* Task prompt *
An exact copy of the data is required; the images should not appear in it.

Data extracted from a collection
-------
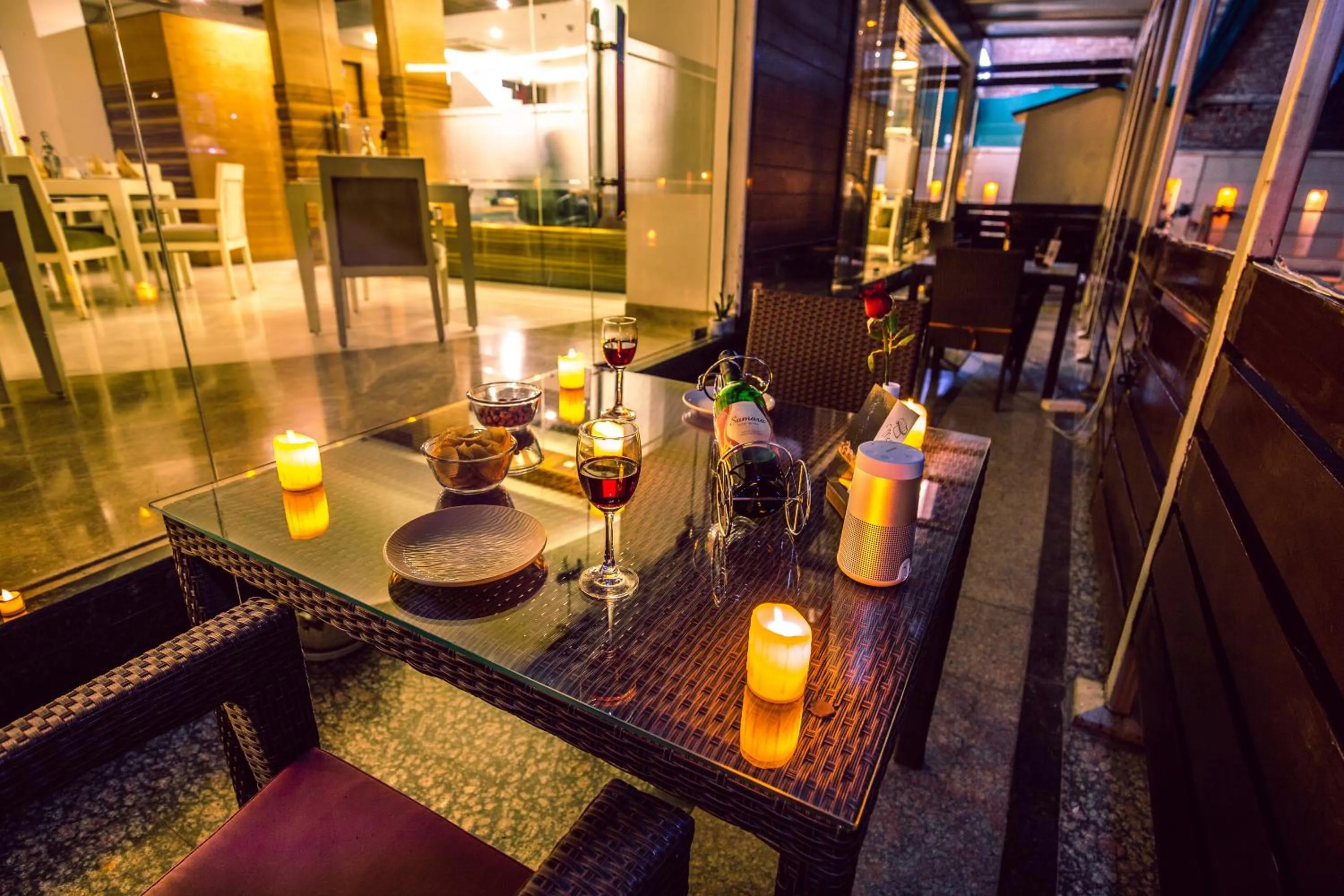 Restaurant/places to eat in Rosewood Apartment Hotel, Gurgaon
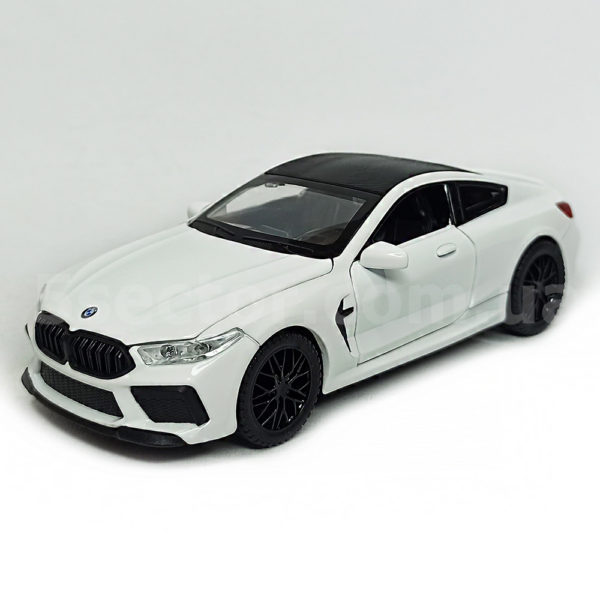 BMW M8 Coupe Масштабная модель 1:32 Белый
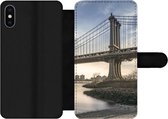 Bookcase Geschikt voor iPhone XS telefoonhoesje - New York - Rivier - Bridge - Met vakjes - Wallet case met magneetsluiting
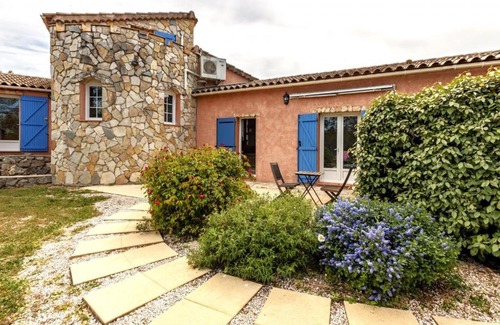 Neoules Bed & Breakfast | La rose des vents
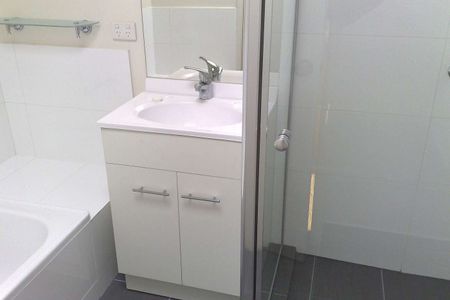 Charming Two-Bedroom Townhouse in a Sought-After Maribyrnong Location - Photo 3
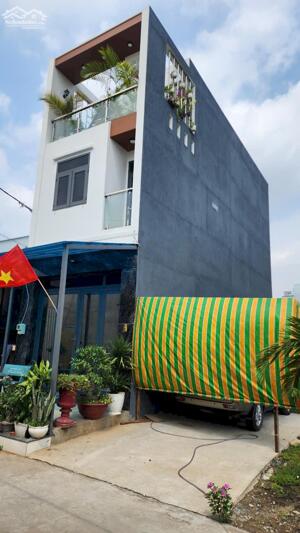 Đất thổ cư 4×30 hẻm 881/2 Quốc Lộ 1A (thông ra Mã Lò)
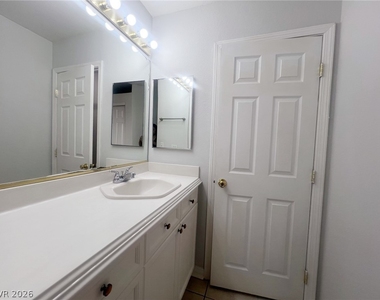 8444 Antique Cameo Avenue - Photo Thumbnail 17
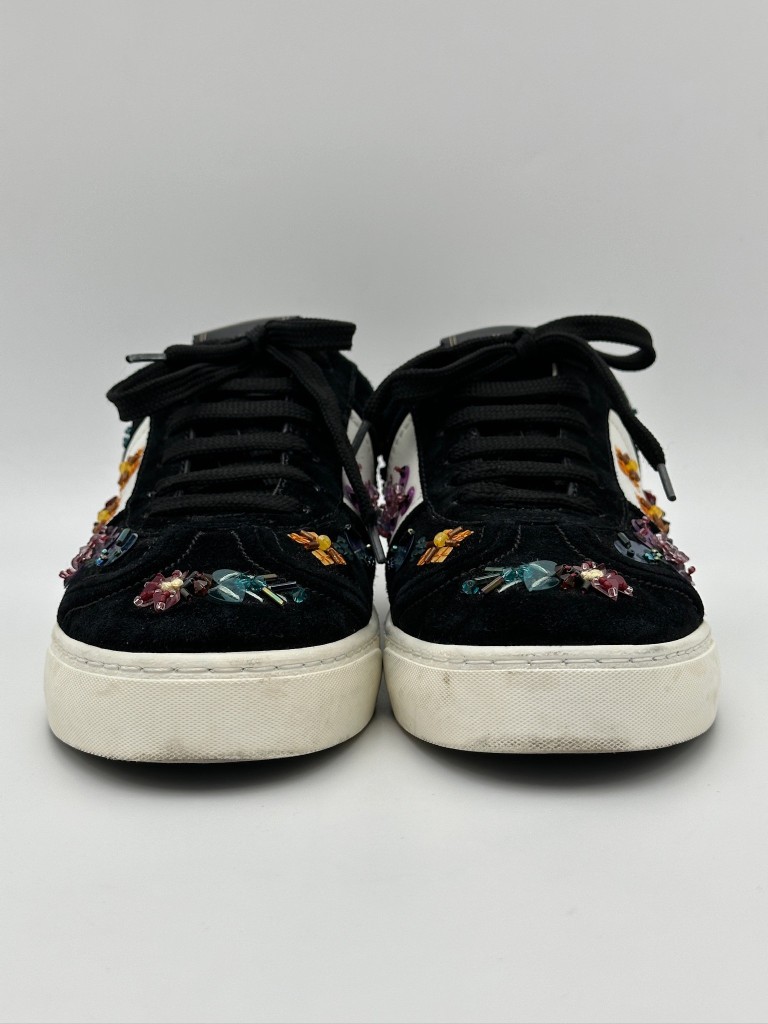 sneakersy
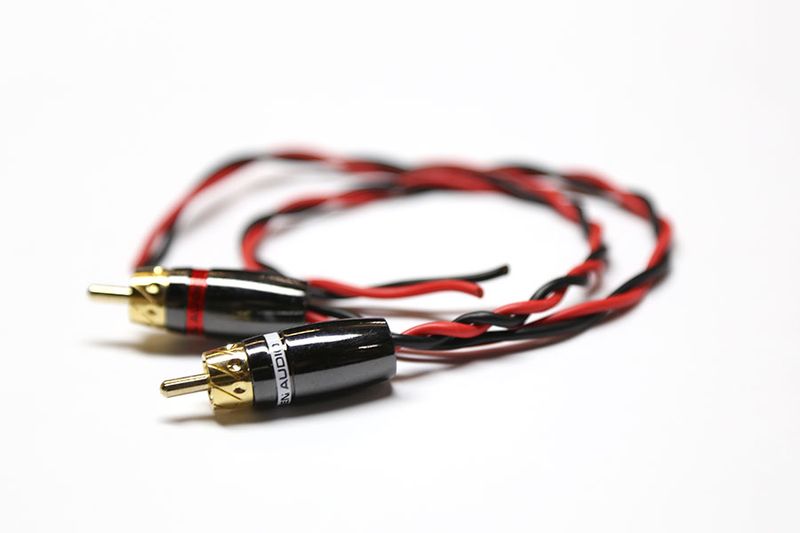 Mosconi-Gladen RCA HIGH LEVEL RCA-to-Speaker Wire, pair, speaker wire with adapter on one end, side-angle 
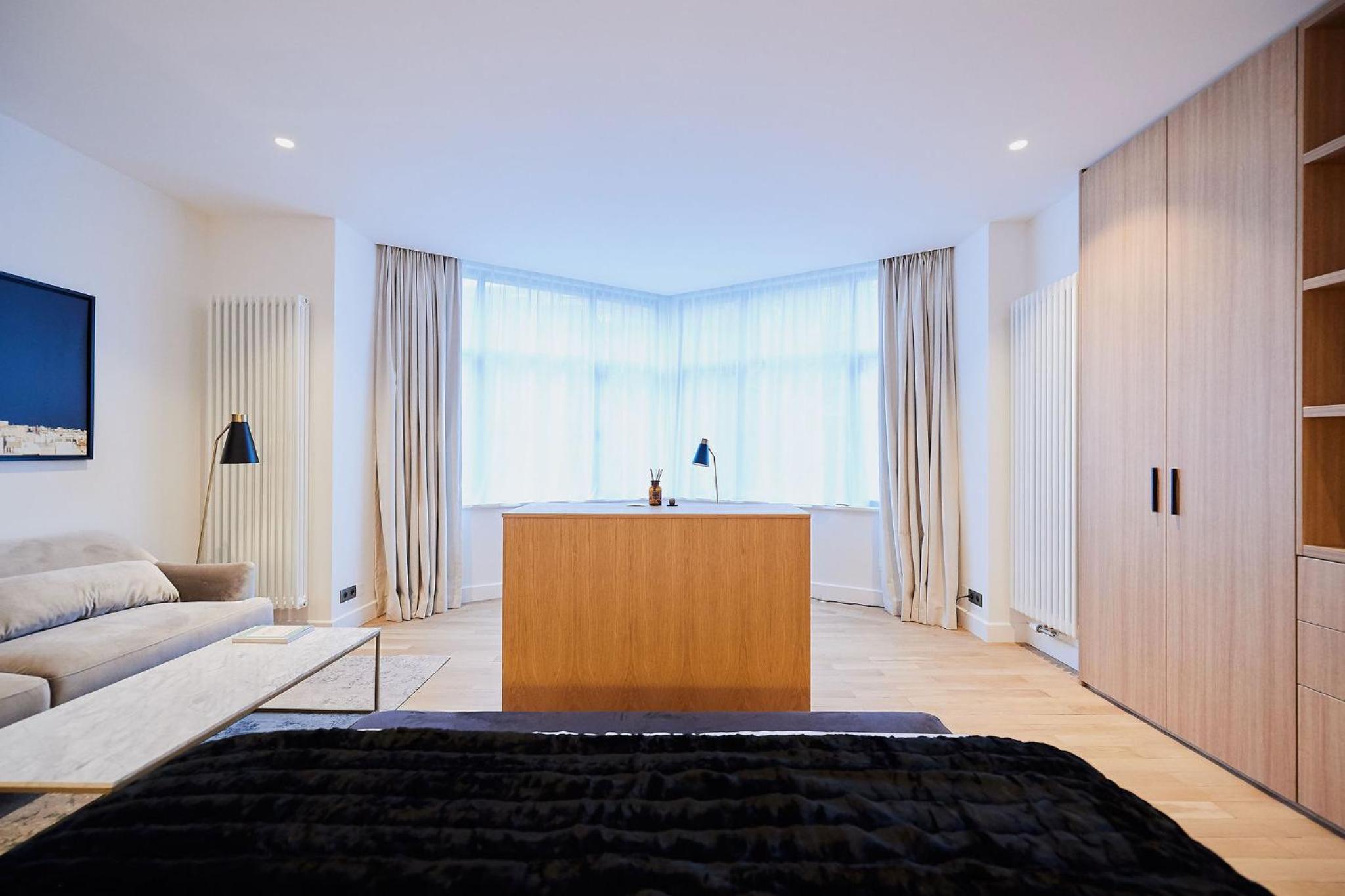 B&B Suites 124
-------
* Your response *
 Restaurant/places to eat in Rosewood Apartment Hotel, Gurgaon
 BMW M8 Coupe Масштабная модель 1:32 Белый
 Bookcase Geschikt voor iPhone XS telefoonhoesje - New York - Rivier - Bridge - Met vakjes - Wallet case met magneetsluiting
 Neoules Bed & Breakfast | La rose des vents
 Charming Two-Bedroom Townhouse in a Sought-After Maribyrnong Location - Photo 3
 Đất thổ cư 4×30 hẻm 881/2 Quốc Lộ 1A (thông ra Mã Lò)
 8444 Antique Cameo Avenue - Photo Thumbnail 17
 sneakersy
 Mosconi-Gladen RCA HIGH LEVEL RCA-to-Speaker Wire, pair, speaker wire with adapter on one end, side-angle 
 B&B Suites 124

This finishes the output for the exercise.